→ Listed records
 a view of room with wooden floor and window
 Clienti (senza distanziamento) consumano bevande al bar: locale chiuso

---

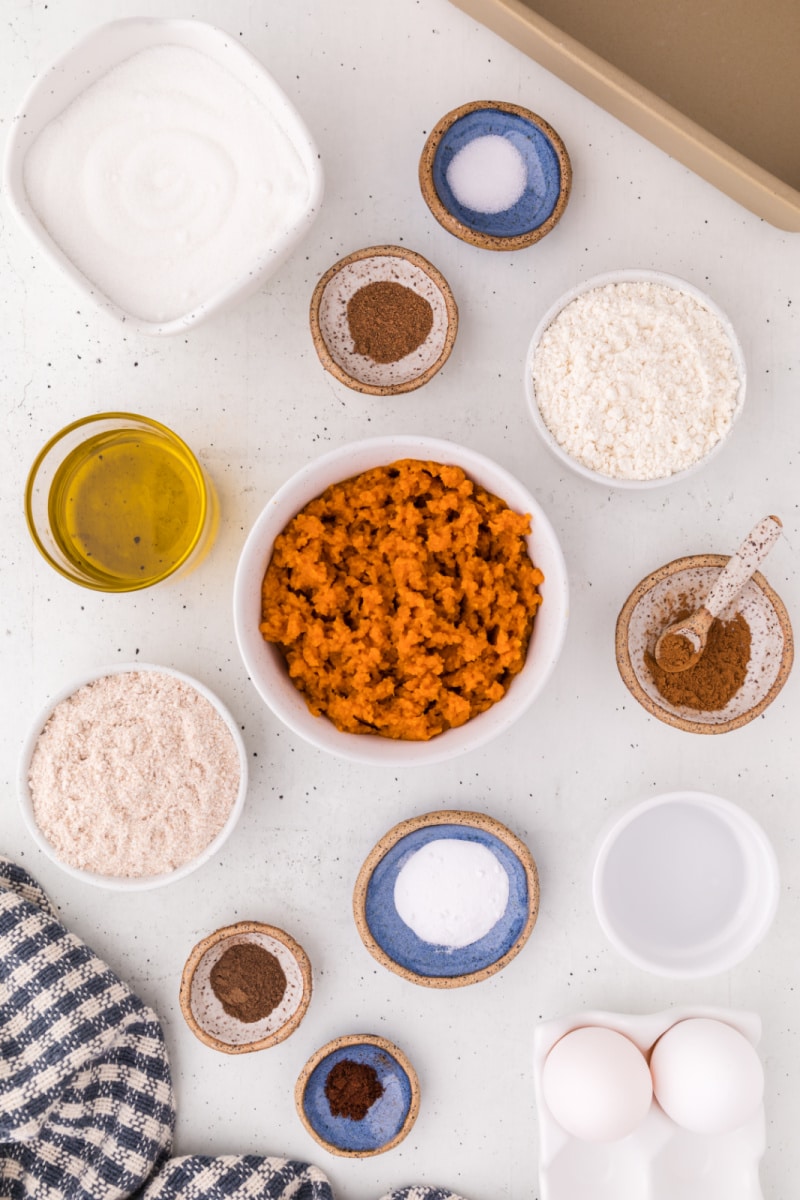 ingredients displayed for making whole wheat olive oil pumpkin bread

* * *

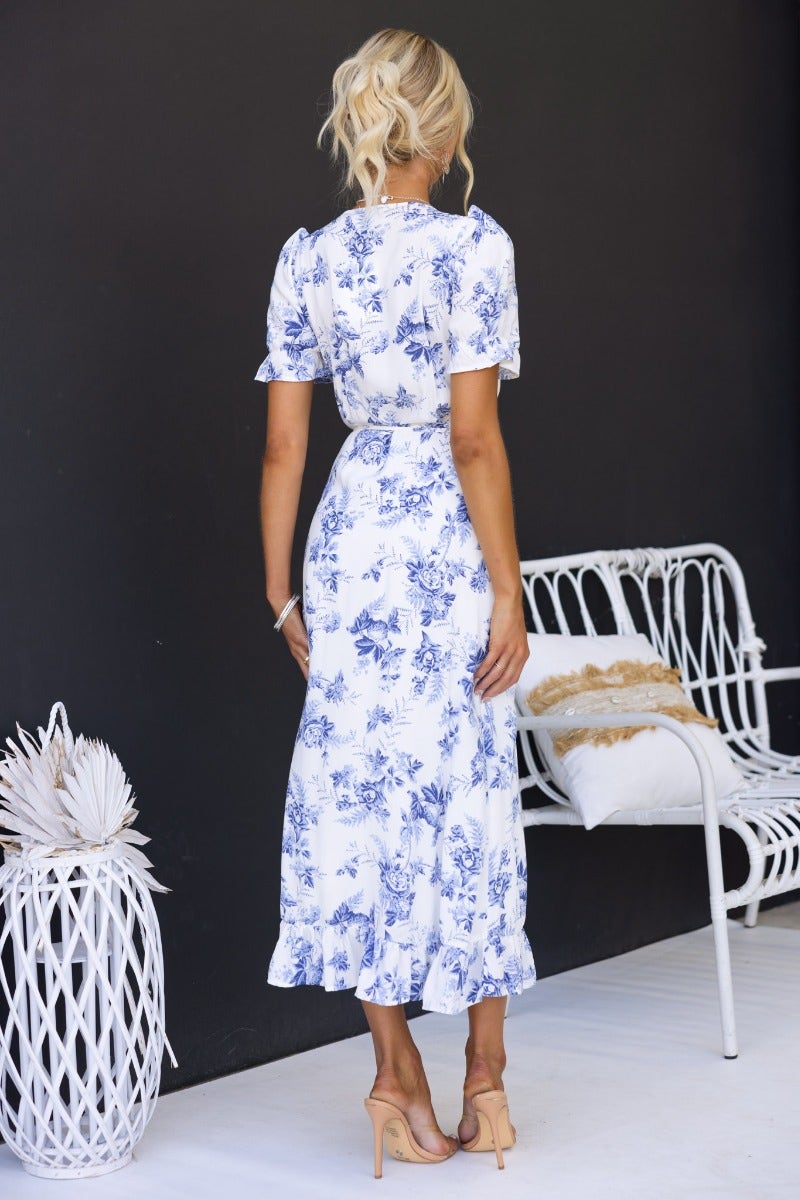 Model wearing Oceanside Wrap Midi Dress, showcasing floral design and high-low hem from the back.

→ Action item
In the listing above, find the line with "a view of room with wooden floor and window" and the line with "Clienti (senza distanziamento)", then reproduce both and every line between them exactly.

→ Result of this exercise
 a view of room with wooden floor and window
 Clienti (senza distanziamento) consumano bevande al bar: locale chiuso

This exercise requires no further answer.